Windows 7 Professional 64-bit w Service Pack 1
Display Card: Nvidia GeForce GTX 760

Blender 2.69 - r60995

There is a bug in the subdivision of animation curves.

See the attached file: “curve bug.blend”

The three cubes are animated from -5 units on Y to +5 units on Y over the length of the animation.

The green cube has had one extra keyframe added. This was done by simply going to time frame 125 and using the I key to add an extra location keyframe. No translations were made to the green cube prior to adding the extra keyframe. It can be seen in the animation that the simple addition of this extra keyframe has altered the speed of cube relative to the other two cubes that do not have the added keyframe.

It will be seen that the handles of the added keyframe do not respect the slope of the existing animation curve. This is not correct behaviour. Since there has been no change at all to the cube, the desired end result would be a subdivision of the animation curve and handles as required that still retains the existing slope.

The attached file, “incorrect curve.jpg”, shows the incorrectly altered animation curve (in green) relative to the form of the animation curve as it existed before the addition on the extra keyframe (in yellow).

By way of comparison, the subdivision of curves in the edit mode is handled correctly. Here it is obvious that the curve is retaining its form and slope no matter how it is subdivided. See attached file, “edit curve subdivide.jpg”

Details

Type
Bug

Event Timeline

Ignatz (ignatz) added a project: BF Blender.
Ignatz (ignatz) set Type to Bug.
Ignatz (ignatz) added a subscriber: Ignatz (ignatz).
Ignatz (ignatz) created this task.
Ignatz (ignatz) raised the priority of this task from to Needs Triage by Developer.
Brecht Van Lommel (brecht) triaged this task as Normal priority.

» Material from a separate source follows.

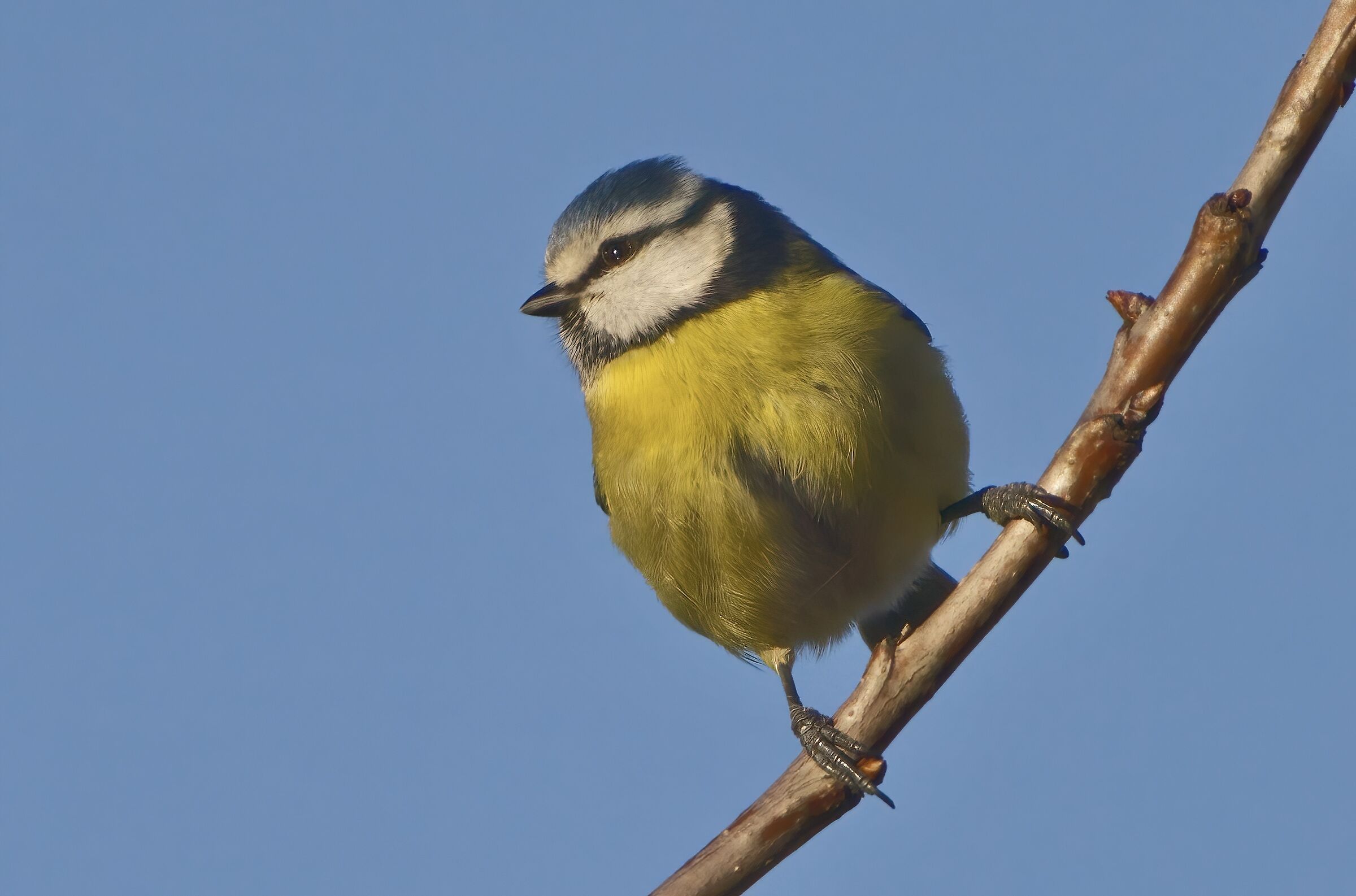 La cinciarella si gode il sole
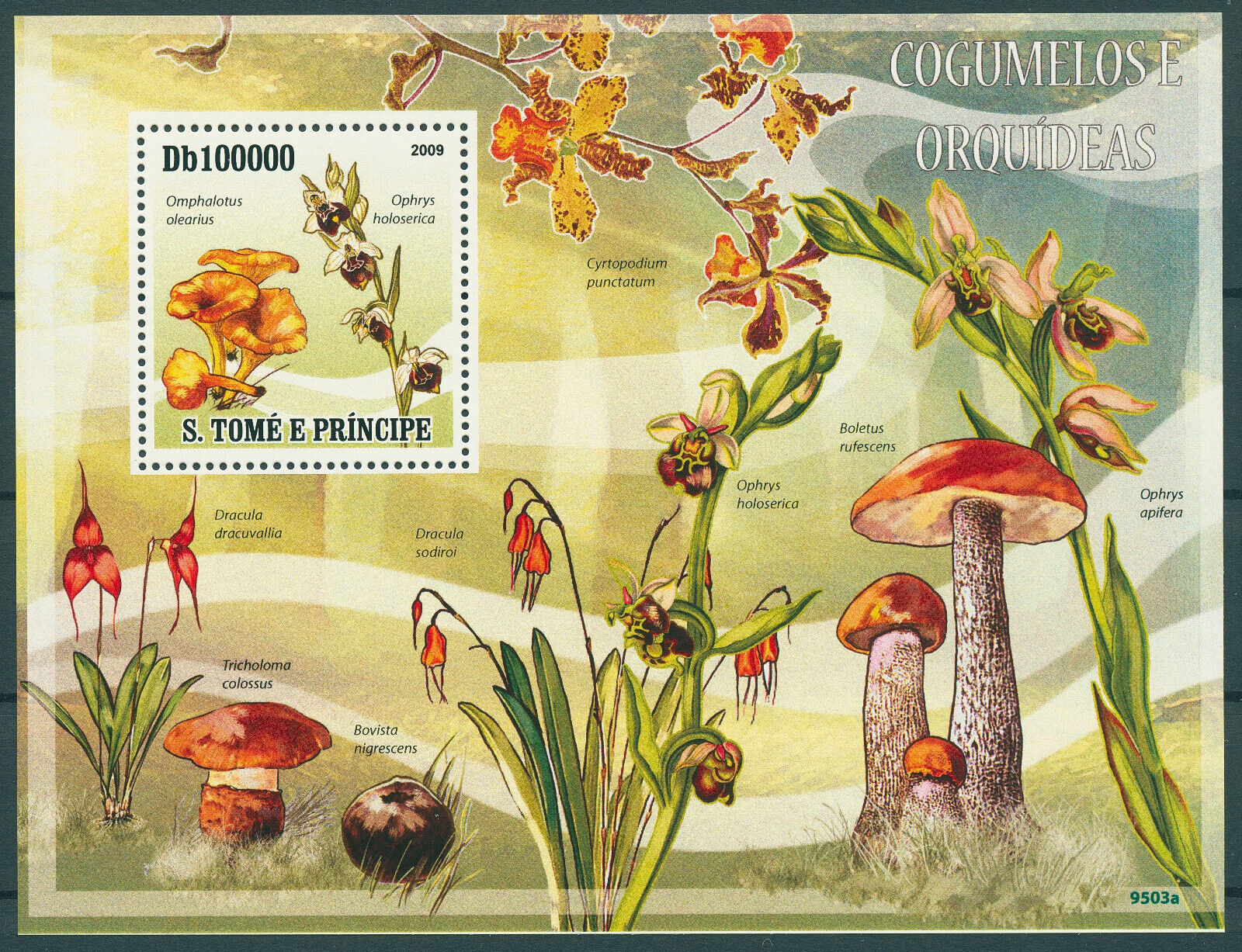 Sao Tome & Principe 2009 MMH Mushrooms & Orchids Stamps Fungi Flowers 1v S/S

It indeed does not attempt to keep the curve the same, as far as I know that was never intended to work, so this would likely be considered a feature request. But it's up the animation team to decide that kind of thing.

I agree with Brecht that this is a feature request.

In general, most key frames are added not to subdivide a curve while preserving its curvature, but rather are added to provide a new data point to alter the curve.

There are situations where it would indeed be handy to subdivide a curve for minor tweaking, but that doesn't usually come until later in the animation process when you're polishing things in the graph editor. If curve-preserving subdivision was a default behavior in the 3d editor, that would cause problems and unexpected behaviors.

I recommend we make this a tool in the graph editor. Something like "subdivide curve at time cursor".

Please allow me to point out that bezier curve subdivision is really nothing new. Almost any vector drawing program worth its salt handles this curve subdivision by addition of anchor points properly. For example see curve behaviour in Photoshop, Inkscape, etc.

The real problem here as I see it is that the addition of the extra keyframe(s) is unnecessarily changing the mesh object's velocity where the operator did not expect it nor expressly intend it to happen.

Whether this is regarded as a bug or a feature request, I truly believe that addressing this would be an improvement to the animation system of Blender.

Oh, and I forgot to mention one other thing. This same odd tension implementation of the curve subdivision also affects anchors which are added when doing automatic keyframing.

This means that if the operator moves the object only a little bit (so as to make certain that it passes through a certain point in space) the keyframe anchor that is added once again will unnecessarily cause the curve to have unexpected slope changes. Of course, this makes perfect sense since the auto keyframing procedure is running on the same (flawed) algorithm.

Please allow me to point out that bezier curve subdivision is really nothing new.

Agreed. The math is quite straight-forward and easy to implement. That's not the issue here. The issue is workflow and user experience:

The use-case here is different than that of a vector drawing program. During the early stages of animation (typically known as "blocking") where the animation is still rough, it is advantageous for the animator to focus only on the time and value of keyframes, and not have to think about the handles.

Specifically, in a pose-to-pose workflow, the animator will frequently be adjusting the timing of large numbers of key frames together. If inserting keys acts like subdivision, the resulting key frame handles will be static (or "manual), rather than auto. When the animator then subsequently changes the timing of the key frames, those handles won't adjust accordingly and the will result in strange interpolations that require manual intervention on each of those large numbers of keys.

Therefore I argue it is a poor default behavior.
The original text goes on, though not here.